▸ Required work
Within the listing below, give again exactly the lines between the one containing "HomeRoots 10' X" and the one containing "Picture of Georgette", inclusive, pictures left aside.

▸ Extracted information
┌──

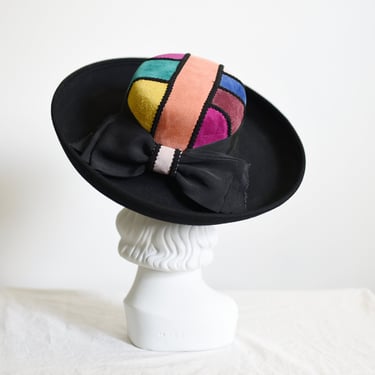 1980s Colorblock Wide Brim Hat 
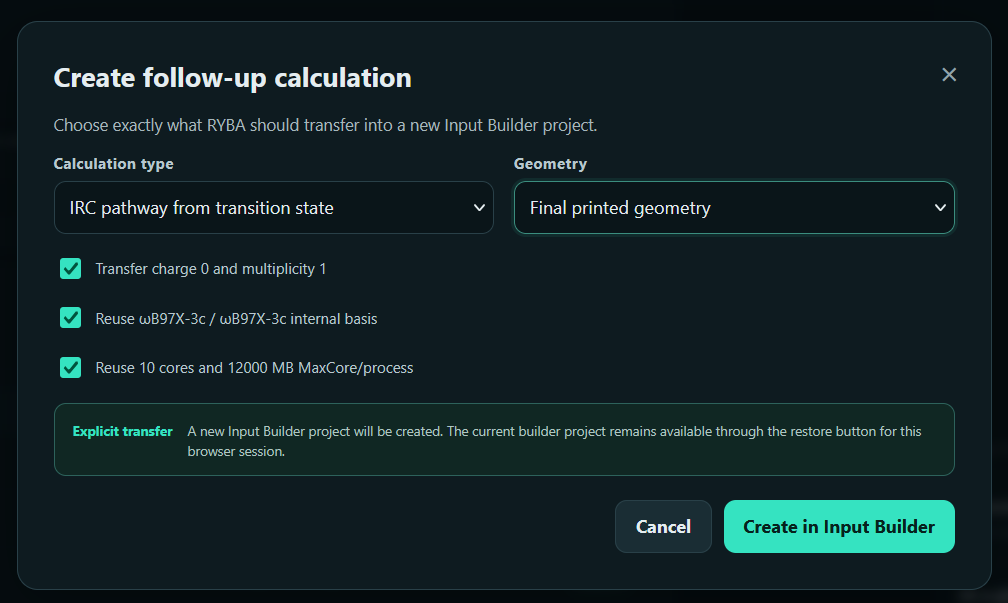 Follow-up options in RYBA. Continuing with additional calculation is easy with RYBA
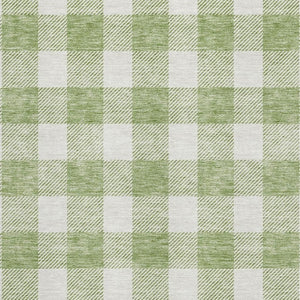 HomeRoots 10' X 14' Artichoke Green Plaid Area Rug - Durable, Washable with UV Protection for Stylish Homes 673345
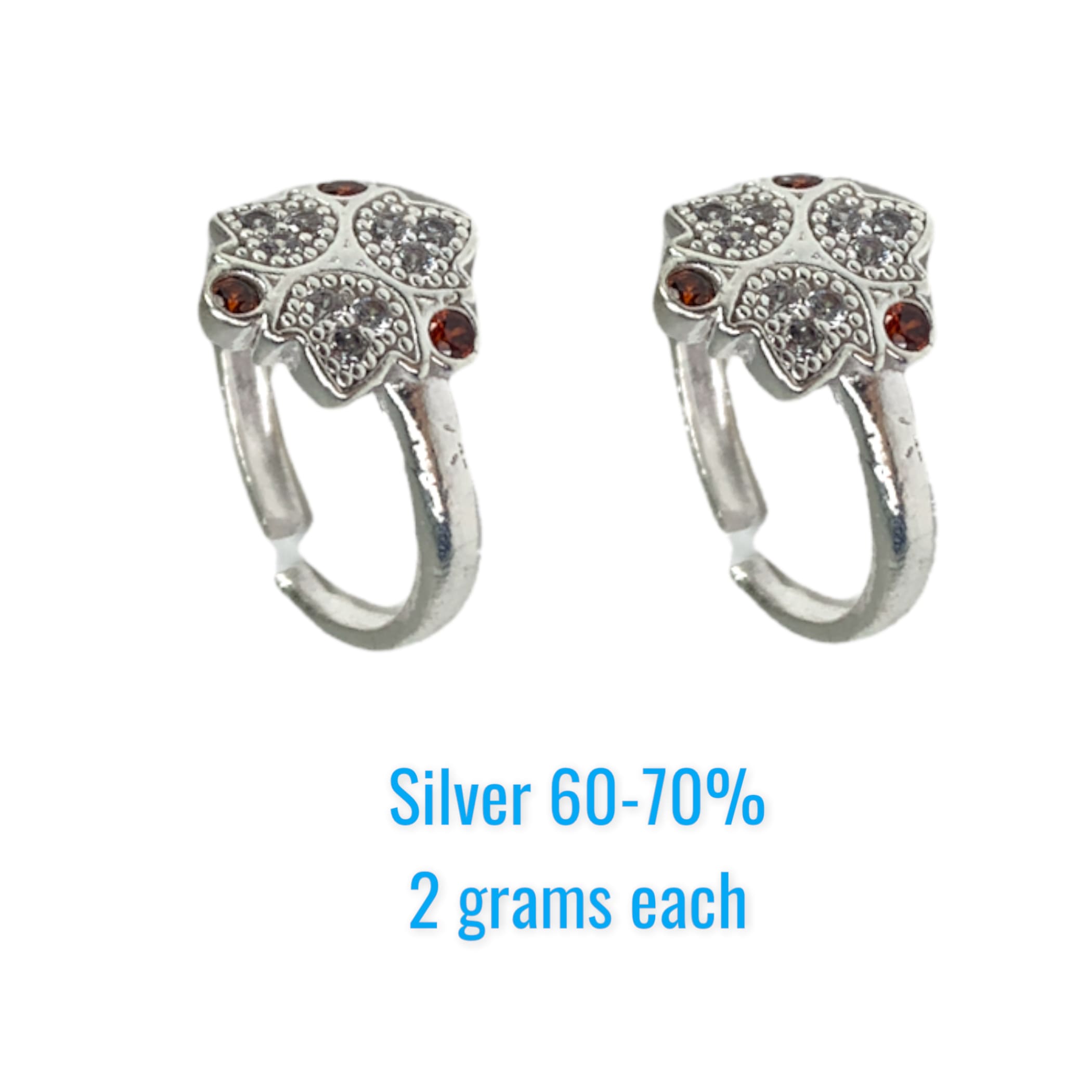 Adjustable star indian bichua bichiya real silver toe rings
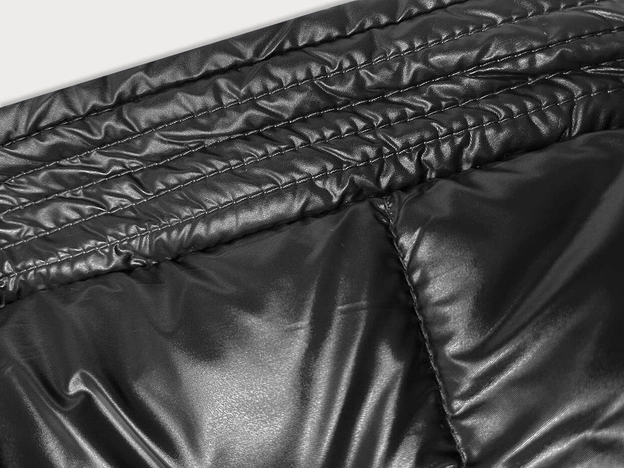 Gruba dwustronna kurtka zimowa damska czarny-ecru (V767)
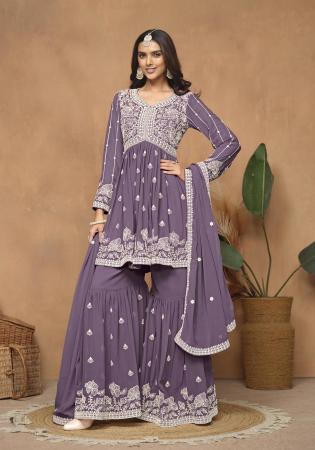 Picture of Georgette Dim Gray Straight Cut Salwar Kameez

└──
┌──

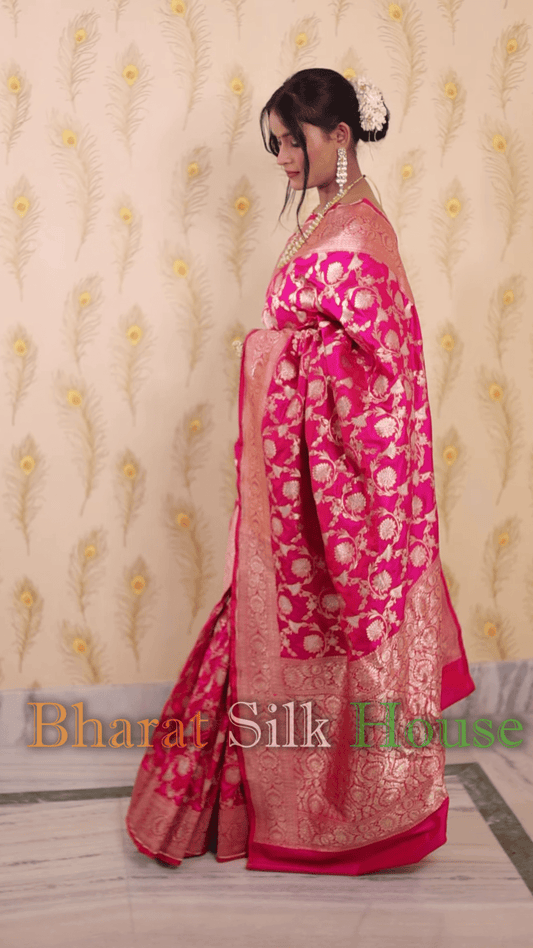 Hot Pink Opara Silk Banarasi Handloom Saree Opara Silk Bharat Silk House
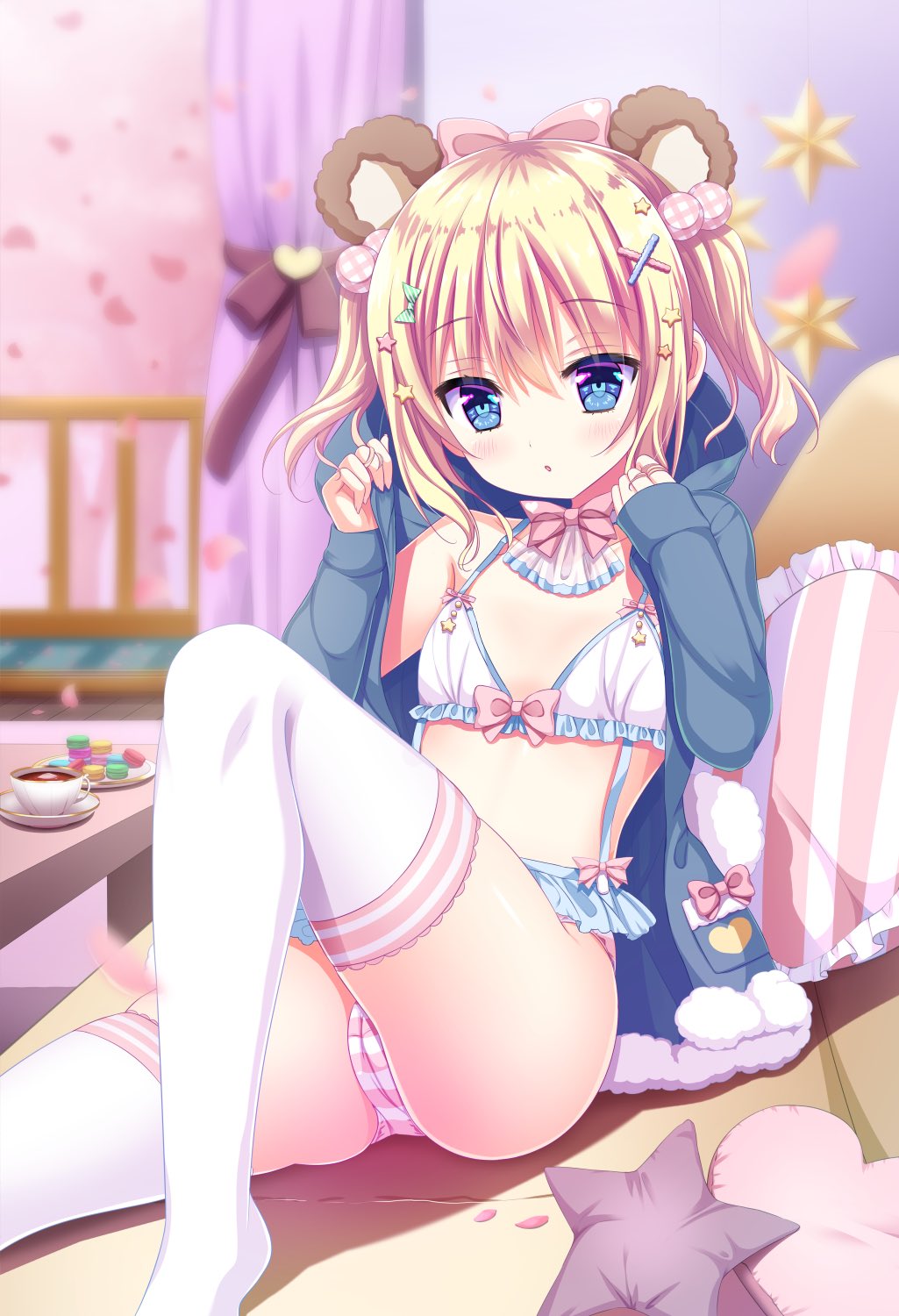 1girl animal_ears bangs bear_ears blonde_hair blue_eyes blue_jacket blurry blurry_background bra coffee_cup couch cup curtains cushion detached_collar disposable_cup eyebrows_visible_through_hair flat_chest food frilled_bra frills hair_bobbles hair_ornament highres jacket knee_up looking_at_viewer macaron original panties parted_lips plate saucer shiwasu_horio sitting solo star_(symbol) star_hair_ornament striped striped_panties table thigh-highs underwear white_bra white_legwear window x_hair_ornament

└──
┌──

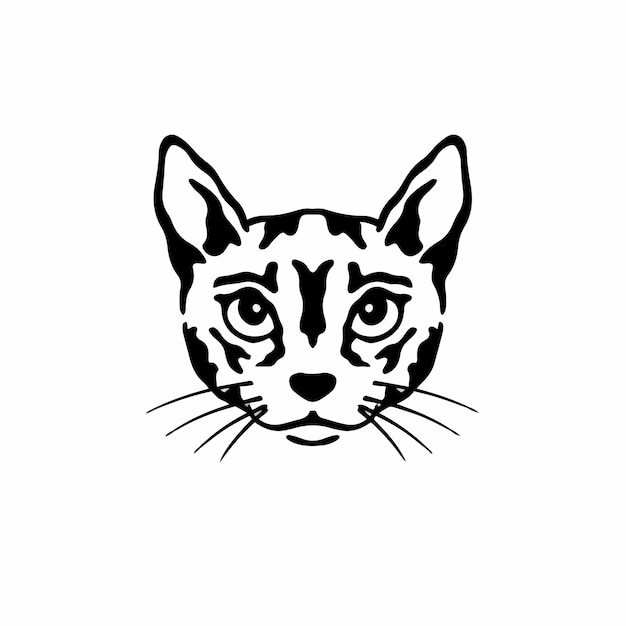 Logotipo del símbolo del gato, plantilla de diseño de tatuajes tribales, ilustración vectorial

└──

▸ Completed exercise
 HomeRoots 10' X 14' Artichoke Green Plaid Area Rug - Durable, Washable with UV Protection for Stylish Homes 673345
 Adjustable star indian bichua bichiya real silver toe rings
 Gruba dwustronna kurtka zimowa damska czarny-ecru (V767)
 Picture of Georgette Dim Gray Straight Cut Salwar Kameez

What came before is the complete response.